━━━━━ Records supplied

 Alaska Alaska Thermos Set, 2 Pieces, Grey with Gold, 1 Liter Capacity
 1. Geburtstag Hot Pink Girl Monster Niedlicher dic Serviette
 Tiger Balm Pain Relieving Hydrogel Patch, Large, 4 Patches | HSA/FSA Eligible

━━━━━━━━━━
━━━━━ Records supplied

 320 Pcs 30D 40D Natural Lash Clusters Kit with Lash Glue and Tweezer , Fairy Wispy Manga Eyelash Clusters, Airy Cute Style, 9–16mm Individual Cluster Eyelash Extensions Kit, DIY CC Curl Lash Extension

━━━━━━━━━━
━━━━━ Records supplied

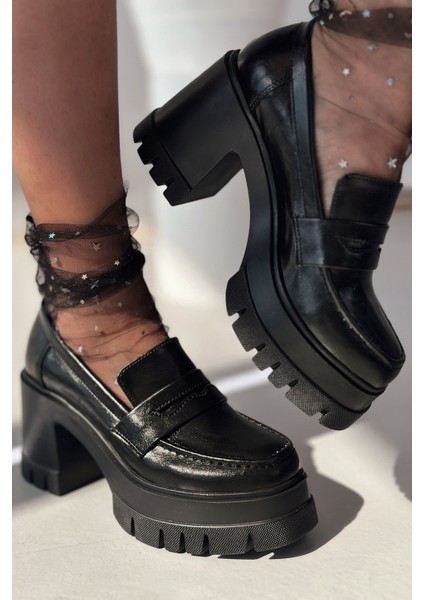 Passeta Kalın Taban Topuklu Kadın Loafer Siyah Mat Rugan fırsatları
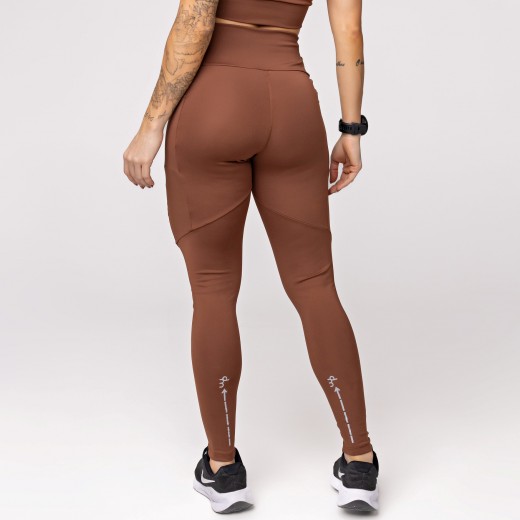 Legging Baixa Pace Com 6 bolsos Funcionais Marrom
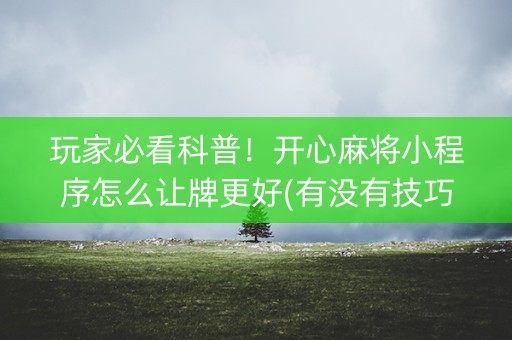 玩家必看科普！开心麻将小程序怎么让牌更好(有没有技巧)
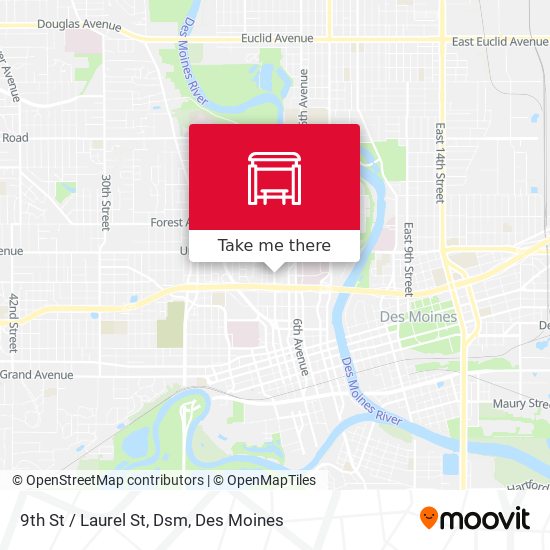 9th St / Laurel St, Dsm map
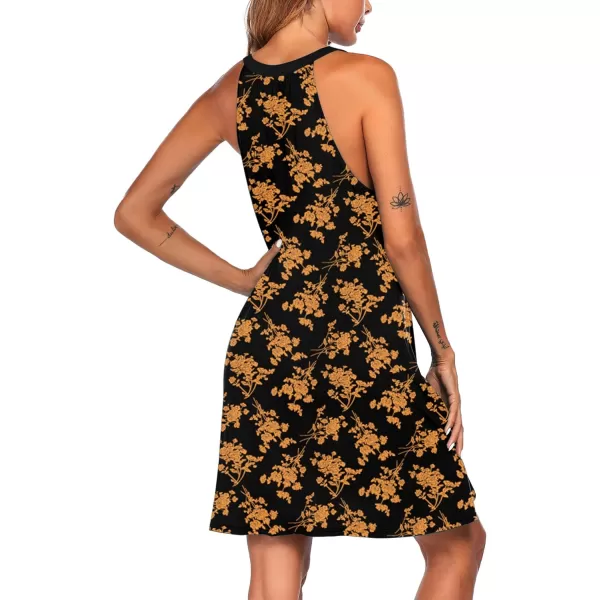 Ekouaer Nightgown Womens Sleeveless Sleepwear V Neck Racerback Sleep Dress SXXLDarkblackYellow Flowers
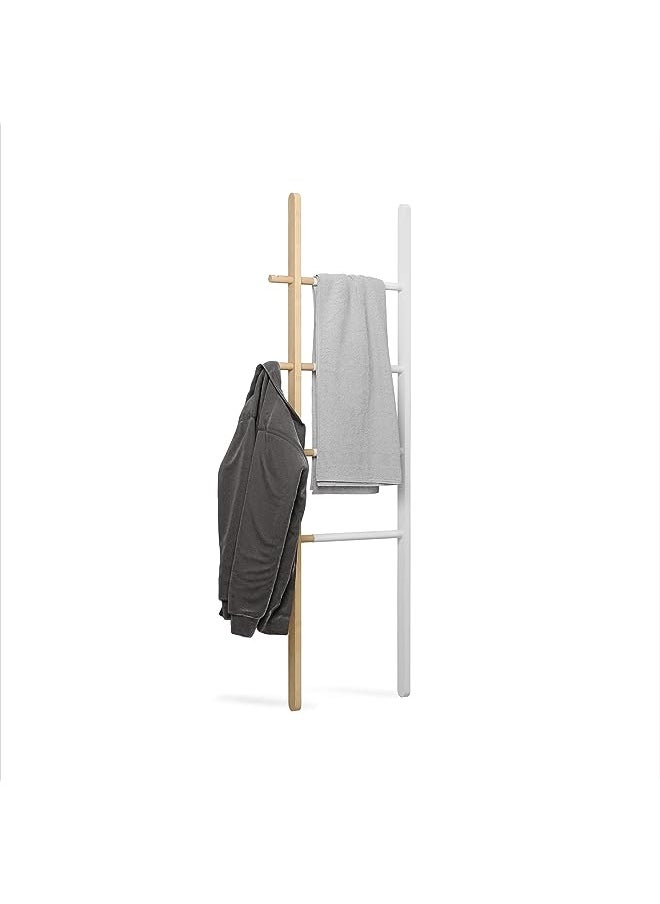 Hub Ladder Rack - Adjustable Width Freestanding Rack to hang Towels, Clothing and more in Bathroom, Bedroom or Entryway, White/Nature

━━━━━━━━━━

* **The problem**:
Filter the data down to the lines that contain the string "with", and copy them.

* **Task solution**:
 Alaska Alaska Thermos Set, 2 Pieces, Grey with Gold, 1 Liter Capacity
 320 Pcs 30D 40D Natural Lash Clusters Kit with Lash Glue and Tweezer , Fairy Wispy Manga Eyelash Clusters, Airy Cute Style, 9–16mm Individual Cluster Eyelash Extensions Kit, DIY CC Curl Lash Extension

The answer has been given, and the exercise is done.